Rebecca Reading, international tax partner at RSM, an accountancy firm, said countries that went further than what had been agreed by the OECD risked “alienating others and putting their future co-operation in doubt”. She said the risk was particularly acute with regards to the US.

First, a tax partner gave the reaction. Rather bizarrely, accounting firms still think country-by-country reporting is a tax issue when it is about the supply of accounting data. There is no-one on earth that thinks companies will be taxed on country-by-country reporting data. It was never designed for that purpose, and I am the person most able to say that with confidence. This was always meant to be accounting data that was to be the basis for a risk assessment that would change corporate behaviour. It did not matter who did the risk assessment, I reasoned: whether it was a tax authority, investors or civil society the outcome would be the same, which was that companies would back away from tax haven abuse if their use of these places was exposed. And risk is what accounting data is meant to expose. The accounting firms either do not get this or are still in deliberate denial that this is an accounting and not a tax issue.

Second, they're assisted in this denial by the continuing refusal of the International Accounting Standards Board to engage with what is now the single biggest issue in world accounting. This suggests that the confusion in RSM is not by chance, but is deliberate and part of a plan. The accounting elite suggest that country-by-country reporting is just a tax issue of a concern to civil society and tax authorities and so not an accounting issue they need engage with. They know that's not true. They know country-by-country reporting completely transforms the way the world would see global corporations. They know it rewrites the rules on globalisation itself. But they are still in denial on it, which is why the EU should end the IASB's funding, precisely because it is not in any way fulfilling its public duty mandate.

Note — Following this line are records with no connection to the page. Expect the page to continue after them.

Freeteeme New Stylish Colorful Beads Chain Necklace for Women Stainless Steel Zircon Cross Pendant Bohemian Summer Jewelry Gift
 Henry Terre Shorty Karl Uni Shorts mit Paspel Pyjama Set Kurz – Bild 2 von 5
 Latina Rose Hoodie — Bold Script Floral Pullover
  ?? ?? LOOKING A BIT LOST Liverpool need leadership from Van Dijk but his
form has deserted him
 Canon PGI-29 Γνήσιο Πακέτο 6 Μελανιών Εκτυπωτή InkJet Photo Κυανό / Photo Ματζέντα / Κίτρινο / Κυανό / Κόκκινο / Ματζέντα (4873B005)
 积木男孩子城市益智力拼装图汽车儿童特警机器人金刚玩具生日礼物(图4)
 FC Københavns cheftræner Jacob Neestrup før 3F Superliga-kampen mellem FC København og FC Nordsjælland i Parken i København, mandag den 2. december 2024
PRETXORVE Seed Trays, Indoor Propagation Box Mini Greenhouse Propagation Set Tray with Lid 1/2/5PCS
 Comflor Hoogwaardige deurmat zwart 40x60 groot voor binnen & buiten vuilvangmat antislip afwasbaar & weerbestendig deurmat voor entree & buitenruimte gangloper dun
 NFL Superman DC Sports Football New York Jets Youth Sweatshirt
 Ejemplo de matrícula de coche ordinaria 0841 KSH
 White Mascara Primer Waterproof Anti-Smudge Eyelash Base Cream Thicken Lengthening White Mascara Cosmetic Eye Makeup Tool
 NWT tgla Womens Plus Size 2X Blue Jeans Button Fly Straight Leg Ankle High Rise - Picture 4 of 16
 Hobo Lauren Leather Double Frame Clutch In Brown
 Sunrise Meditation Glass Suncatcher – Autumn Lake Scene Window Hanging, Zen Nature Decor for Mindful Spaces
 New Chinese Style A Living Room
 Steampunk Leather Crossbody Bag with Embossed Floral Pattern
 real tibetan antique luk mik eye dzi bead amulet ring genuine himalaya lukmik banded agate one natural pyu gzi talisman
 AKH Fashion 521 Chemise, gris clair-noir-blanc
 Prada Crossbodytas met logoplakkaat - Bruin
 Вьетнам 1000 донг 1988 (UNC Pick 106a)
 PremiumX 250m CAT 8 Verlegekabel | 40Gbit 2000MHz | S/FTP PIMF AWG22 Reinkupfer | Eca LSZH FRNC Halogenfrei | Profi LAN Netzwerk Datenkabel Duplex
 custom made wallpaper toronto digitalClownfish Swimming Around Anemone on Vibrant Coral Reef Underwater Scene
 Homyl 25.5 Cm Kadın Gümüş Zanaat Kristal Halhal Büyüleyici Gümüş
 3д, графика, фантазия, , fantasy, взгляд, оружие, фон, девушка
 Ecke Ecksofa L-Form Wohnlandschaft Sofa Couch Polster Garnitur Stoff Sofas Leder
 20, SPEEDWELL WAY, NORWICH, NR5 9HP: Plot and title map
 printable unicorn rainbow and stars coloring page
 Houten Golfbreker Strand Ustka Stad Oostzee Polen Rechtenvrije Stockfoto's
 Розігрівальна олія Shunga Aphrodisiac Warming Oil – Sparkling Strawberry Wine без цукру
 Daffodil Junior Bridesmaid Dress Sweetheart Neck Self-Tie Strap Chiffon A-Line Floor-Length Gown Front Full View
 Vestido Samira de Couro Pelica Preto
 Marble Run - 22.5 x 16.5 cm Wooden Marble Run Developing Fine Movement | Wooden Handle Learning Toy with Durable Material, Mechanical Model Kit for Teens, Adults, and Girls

And third, the FT happily joins in with this. The view is not challenged. It is accepted that the US view of tax may dictate the data needed in European markets to determine the risks investors and others face and no challenge is offered.

There is a conspiracy in the accounting profession on this issue, but they have to decide sometime soon on which side they stand. Will they do their public duty or will they lose their privileged status as supposed standard setters? I do not think they can continue their conflicted position for much longer.

It's time for a debate. Maybe the ICAEW would like to stage it?